▸ Collection entries
BEGIN

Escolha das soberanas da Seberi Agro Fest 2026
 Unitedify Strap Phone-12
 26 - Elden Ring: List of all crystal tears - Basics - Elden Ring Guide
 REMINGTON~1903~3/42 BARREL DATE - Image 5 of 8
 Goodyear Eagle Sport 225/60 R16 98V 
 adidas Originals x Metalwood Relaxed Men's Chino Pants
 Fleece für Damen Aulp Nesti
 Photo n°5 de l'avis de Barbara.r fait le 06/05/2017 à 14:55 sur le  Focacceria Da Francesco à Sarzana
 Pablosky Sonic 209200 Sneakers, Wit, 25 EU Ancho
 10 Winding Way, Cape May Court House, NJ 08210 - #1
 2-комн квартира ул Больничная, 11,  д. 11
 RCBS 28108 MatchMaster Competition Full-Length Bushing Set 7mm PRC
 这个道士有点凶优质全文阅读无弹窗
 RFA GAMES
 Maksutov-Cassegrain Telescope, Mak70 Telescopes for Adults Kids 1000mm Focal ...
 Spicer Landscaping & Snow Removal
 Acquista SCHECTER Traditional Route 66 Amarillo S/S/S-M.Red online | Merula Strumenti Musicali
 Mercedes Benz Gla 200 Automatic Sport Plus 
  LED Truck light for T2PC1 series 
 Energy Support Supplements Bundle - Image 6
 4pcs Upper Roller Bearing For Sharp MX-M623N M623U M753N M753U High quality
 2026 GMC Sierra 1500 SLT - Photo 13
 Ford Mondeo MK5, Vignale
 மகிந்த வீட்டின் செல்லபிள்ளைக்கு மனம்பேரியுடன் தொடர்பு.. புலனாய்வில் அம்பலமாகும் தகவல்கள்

END

▸ ACTIVITY
Every entry is to be restated exactly, with no line dropped.

▸ TASK ANSWER
Escolha das soberanas da Seberi Agro Fest 2026
 Unitedify Strap Phone-12
 26 - Elden Ring: List of all crystal tears - Basics - Elden Ring Guide
 REMINGTON~1903~3/42 BARREL DATE - Image 5 of 8
 Goodyear Eagle Sport 225/60 R16 98V 
 adidas Originals x Metalwood Relaxed Men's Chino Pants
 Fleece für Damen Aulp Nesti
 Photo n°5 de l'avis de Barbara.r fait le 06/05/2017 à 14:55 sur le  Focacceria Da Francesco à Sarzana
 Pablosky Sonic 209200 Sneakers, Wit, 25 EU Ancho
 10 Winding Way, Cape May Court House, NJ 08210 - #1
 2-комн квартира ул Больничная, 11,  д. 11
 RCBS 28108 MatchMaster Competition Full-Length Bushing Set 7mm PRC
 这个道士有点凶优质全文阅读无弹窗
 RFA GAMES
 Maksutov-Cassegrain Telescope, Mak70 Telescopes for Adults Kids 1000mm Focal ...
 Spicer Landscaping & Snow Removal
 Acquista SCHECTER Traditional Route 66 Amarillo S/S/S-M.Red online | Merula Strumenti Musicali
 Mercedes Benz Gla 200 Automatic Sport Plus 
  LED Truck light for T2PC1 series 
 Energy Support Supplements Bundle - Image 6
 4pcs Upper Roller Bearing For Sharp MX-M623N M623U M753N M753U High quality
 2026 GMC Sierra 1500 SLT - Photo 13
 Ford Mondeo MK5, Vignale
 மகிந்த வீட்டின் செல்லபிள்ளைக்கு மனம்பேரியுடன் தொடர்பு.. புலனாய்வில் அம்பலமாகும் தகவல்கள்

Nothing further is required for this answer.